Take a potato, peel it and boil it. It’s still a potato. Now mash it, and observe the difference. It’s no longer a potato - it’s just potato. It’s changed from being a thing - notice the indefinite determiner a: a potato, a thing - to being stuff. Technically, the countable noun potato has changed into a mass noun.

English takes the difference between countable and mass nouns very seriously. Countable nouns can be counted - or, more accurately, the things they refer to can be counted - so we can have one potato, two potatoes, three potatoes, four ... But in spite of the old counting rhyme, we can’t count potato. So countable nouns have a plural but mass nouns don’t.

Another important difference is in the determiner - in fact, if the noun is singular that’s the only way we know whether it’s countable or mass. Think of the effects of a, every and many compared with some, much or no determiner at all: countable: I ate a potatoI ate every potato I didn’t eat many potatoes.

mass: I ate some potatoI ate potatoI didn’t eat much potato.

It’s not just potatoes that are treated like this. The whole point of eating is to transform something which starts off as some kind of individual outside us into a substance inside us. At some point in this transformation, the grammar flips from countable to mass - a sheep (countable) changes to mutton (mass), a tomato (countable) changes into soup (mass), a grain of wheat (countable) changes into bread (mass).
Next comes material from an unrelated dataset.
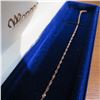 Image 2 : 10K Rose gold 7.5" twist bracelet.  Marked 10K Italy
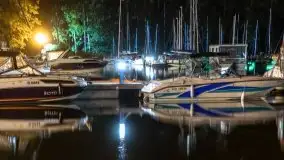 Nocne życie w porcie Tajty, sierpień 2020 r. - zdjęcie 7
The same contrast runs right through the noun system and allows us to present alternative views of the world. Take The TES that you’re reading at the moment. Is it a paper, or just paper? Answer: both. You could describe it either way, and the choice is yours. It all depends how you see things.

As speaker or writer, you have to decide how the paper is relevant. When you buy your TES it’s a distinct item, this week’s TES, with all the expectations that raises. It is definitely a countable item, as in a paper: I bought a paper. (Equally of course it could be my paper or the paper, but these determiners don’t show the contrast between countable and mass.) But by the time you recycle it, it’s relevant only because of what it’s made of - paper - so it’s just paper. Our use of the noun signals the way the product has changed, losing its original identity.

Grammar is like a sandpit: it gives children a chance to play with the relations between substances and things. Get them to change countable into mass or the other way round, eg, countable dog into mass as in We don’t eat dog, or mass grief into countable as in a grief ago.

This grammatical playfulness is at the heart of much of the writing in our language that we find most thought-provoking and emotional. Grammar isn’t only about rules and relations. It’s also, of course, about how we express our deepest feelings.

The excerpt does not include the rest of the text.